The paper introduces EnsembleCert, the first certification framework for partition-aggregation ensembles that uses white-box knowledge of base classifiers to provide tighter robustness guarantees against label-flipping attacks. On CIFAR-10, it certifies up to 26.5% more label flips in median over the test set compared to existing black-box approaches, while requiring 100 times fewer partitions.
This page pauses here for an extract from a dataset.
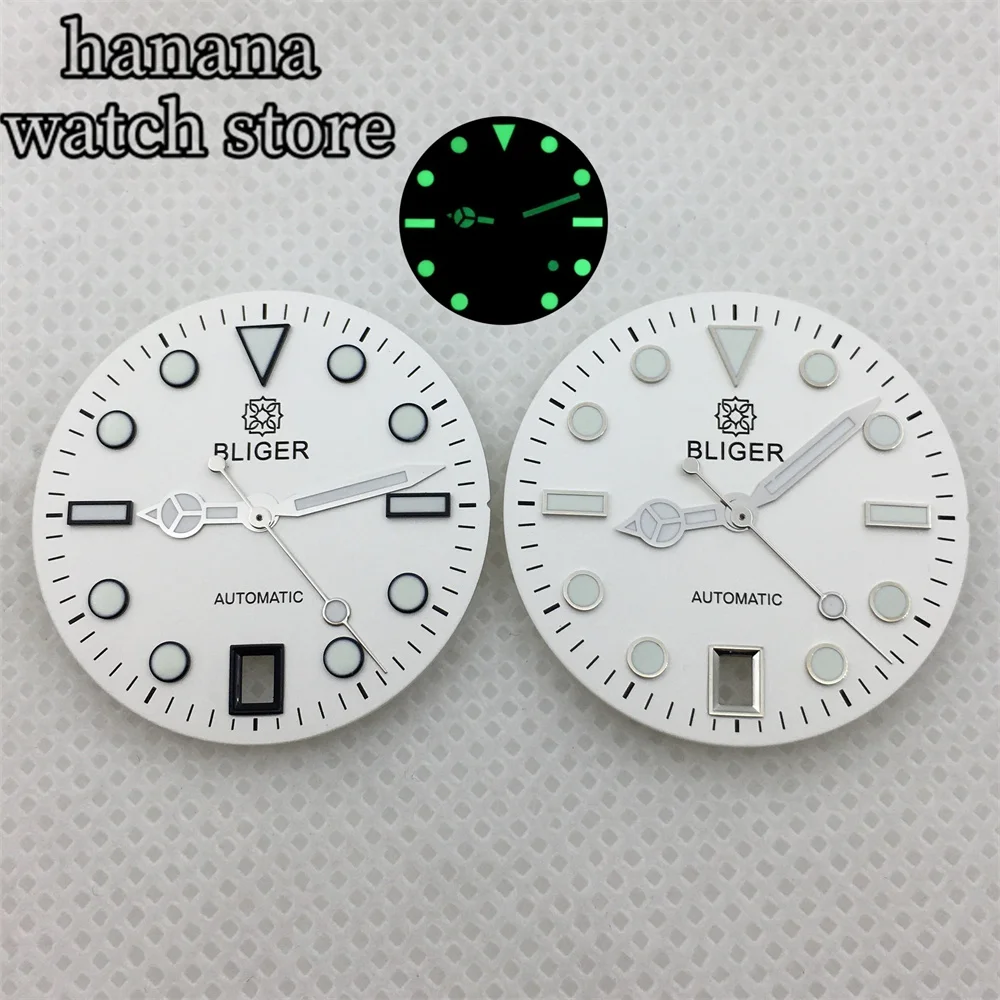 29Mm Duikhorloge Zwart Wit Lichtgevende Wijzerplaat Wijzers 6 O 'Klok Positie Datumvenster Met Zilver/Zwart Rand Index Voor Nh35 Beweging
Label-flipping attacks, which corrupt training labels to induce misclassifications at inference, remain a major threat to supervised learning models. This drives the need for robustness certificates that provide formal guarantees about a model's robustness under adversarially corrupted labels. Existing certification frameworks rely on ensemble techniques such as smoothing or partition-aggregation, but treat the corresponding base classifiers as black boxes, yielding overly conservative guarantees. We introduce EnsembleCert, the first certification framework for partition-aggregation ensembles that utilizes white-box knowledge of the base classifiers. Concretely, EnsembleCert yields tighter guarantees than black-box approaches by aggregating per-partition white-box certificates to compute ensemble-level guarantees in polynomial time. To extract white-box knowledge from the base classifiers efficiently, we develop ScaLabelCert, a method that leverages the equivalence between sufficiently wide neural networks and kernel methods using the neural tangent kernel. ScaLabelCert yields the first exact, polynomial-time calculable certificate for neural networks against label-flipping attacks. EnsembleCert is either on par, or significantly outperforms the existing partition-based black box certificates. Exemplary, on CIFAR-10, our method can certify upto +26.5% more label flips in median over the test set compared to the existing black-box approach while requiring 100 times fewer partitions, thus, challenging the prevailing notion that heavy partitioning is a necessity for strong certified robustness.